_WORK REQUIRED:_ The answer must consist solely of the lines from the line with "Hello fellow alchemists, welcome" to the final line of the data below, reproduced exactly, pictures omitted.
□ □ □ □
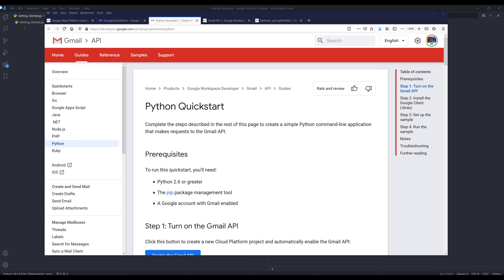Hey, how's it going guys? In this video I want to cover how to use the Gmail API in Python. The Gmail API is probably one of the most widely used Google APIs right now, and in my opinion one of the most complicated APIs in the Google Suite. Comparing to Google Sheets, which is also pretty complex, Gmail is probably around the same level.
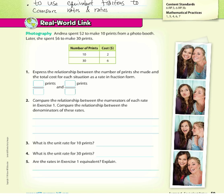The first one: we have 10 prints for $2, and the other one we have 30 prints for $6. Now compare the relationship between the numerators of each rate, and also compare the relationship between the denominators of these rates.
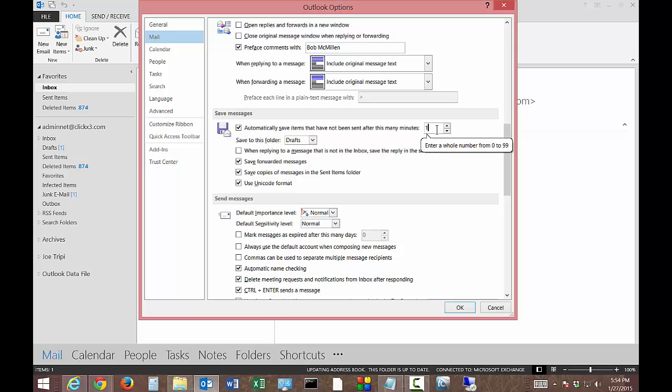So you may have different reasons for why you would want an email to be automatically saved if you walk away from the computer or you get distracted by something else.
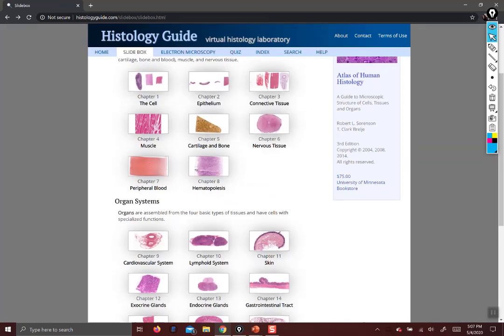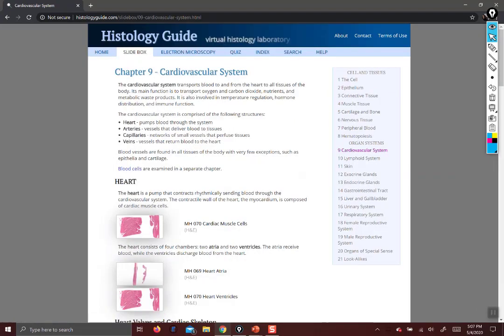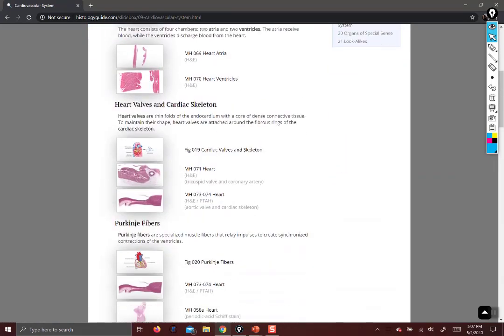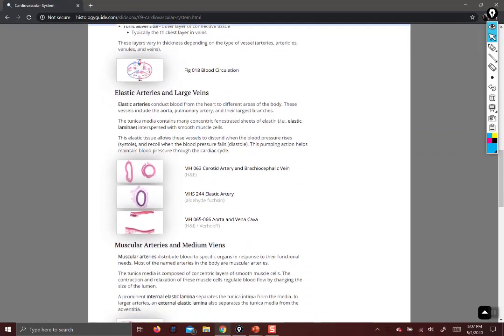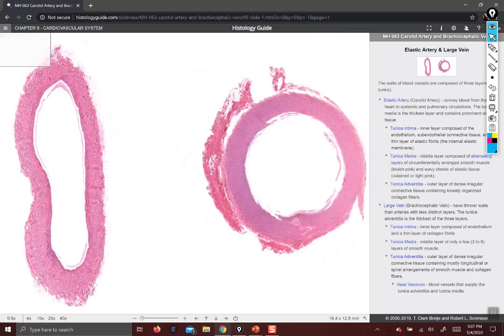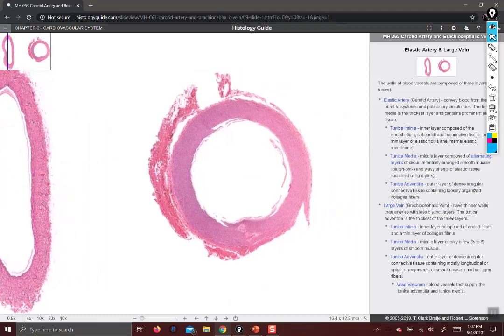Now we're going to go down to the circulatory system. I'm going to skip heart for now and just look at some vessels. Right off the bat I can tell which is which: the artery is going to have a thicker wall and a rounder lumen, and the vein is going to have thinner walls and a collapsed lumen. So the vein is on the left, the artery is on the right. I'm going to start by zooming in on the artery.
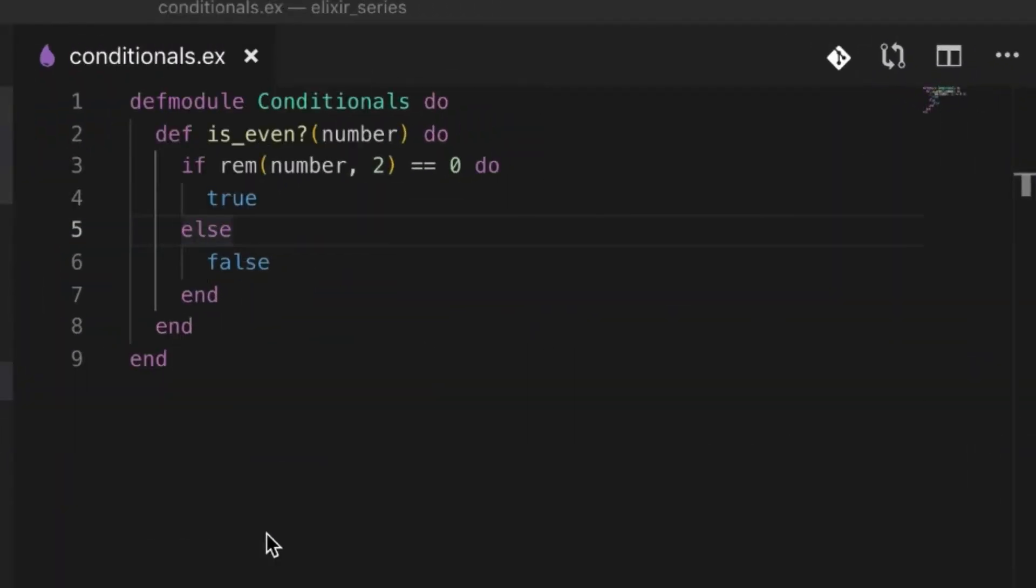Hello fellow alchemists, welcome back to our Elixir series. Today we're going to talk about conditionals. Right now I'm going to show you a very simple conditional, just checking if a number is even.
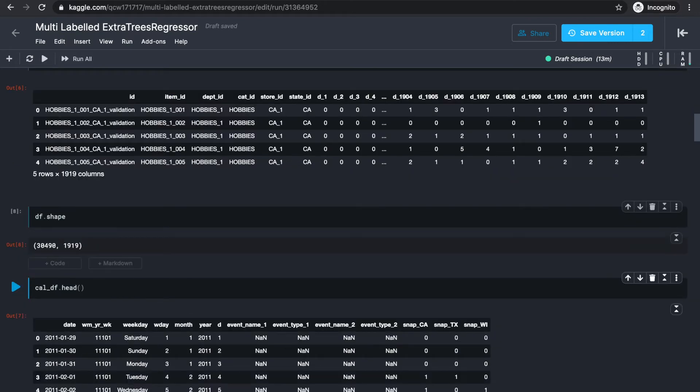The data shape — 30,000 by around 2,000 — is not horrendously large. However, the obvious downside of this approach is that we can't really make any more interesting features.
□ □ □ □
_ANSWER TO THE EXERCISE:_
Hello fellow alchemists, welcome back to our Elixir series. Today we're going to talk about conditionals. Right now I'm going to show you a very simple conditional, just checking if a number is even.
The data shape — 30,000 by around 2,000 — is not horrendously large. However, the obvious downside of this approach is that we can't really make any more interesting features.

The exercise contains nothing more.